For once, I am happy, and needed a good hosing down to calm myself. I just need to get some long distance licences for the 4100s I have spare so I can move the other site links (we have a second remote site linked to another machine room) from the creaking 12000s and I will be truly joyful.

On the home front, so far there have been no further steaming gifts left in the living room, just the odd puddle!


R_RDY, Potty, Go!

18 05 2007

Had an interesting meeting today (don’t say that often) with a man from Nortel who summed up my long distance ISL problem nicely – I need to use ISL R_RDY mode with the long distance settings on the ISLs across our DWDM links (fronted by Nortel MOTRs). Apparently the Brocade VC Link Init protocol is too sensitive to work with their kit, so I shall be trying that out early next week. It may even cure my lack of throughput, which I suspect is because I’m not getting a huge amount of full size packets going through the links, hence exhausting the buffer credits.

Also found out that with Condor ASIC equipped Brocade switches (4100, 48000 etc) I should not expect to see an even spread of throughput across ISL trunks, as their algorithm loads a single link up to around 70% first before starting to spread out further, to cut out unneccessary frame splits and re-joins. Makes sense I suppose. 

There was a hint of a beige tint to the air when I got home tonight. My daughter has started potty training, and not long before I came home had decided that she couldn’t get to the potty in time, so left what the Big Yin (that’s Billy Connolly, one of the funniest people on the planet) may describe as a ‘wee beige jobby’ in the middle of the living room! At least she went and washed her hands afterwards!

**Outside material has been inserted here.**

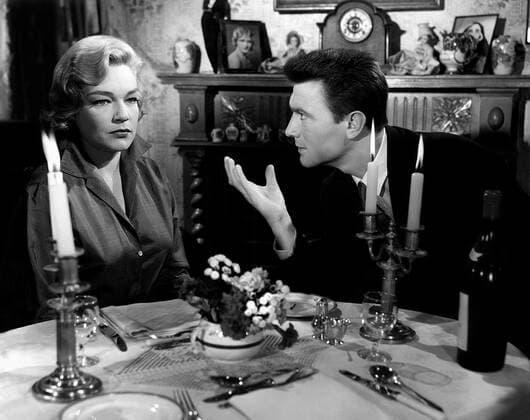 OSCARS. Beste Hauptdarstellerin. Preisträgerinnen 1951-1960 Simone Signoret & Laurence Harvey Characters: Alice Aisgill & Joe Lampton Film: Room At The Top (1959) Director: Jack Clayton 30 March 1959  Copyright: MaryxEvansxAFxArchive 12071283 editorial use only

Which leads nicely to the fact the I’m on call this weekend and already had my first call within half an hour of getting home 😦

Is it wrong for a SAN to wear make-up?

12 05 2007

Thanks for spotting my typo, I’ve had a good chuckle. About the only chuckle this week as this week has been my week on the Operations Bridge and be on-call, where I get the pleasure of sitting in uncomfortable chairs during the day, having to respond to inane flapping and bleeting, and then get woken up in the middle of the night for more flapping. Plus I’ve been in pay negotiations, and to thanks us for all our hard work my employer wants to offer us a pay cut in real terms. Nice. Well, if they want a fight, they’re going to get one. This is a good advertisment for union membership – in parts of our business where there is a high percentage of union members, pay offers are high, and where it’s not, they’re low. Hopefully I’ll be persuading more non-union members to join over the next few weeks, it’s time for their free ride to come to an end if they want to get a decent pay deal.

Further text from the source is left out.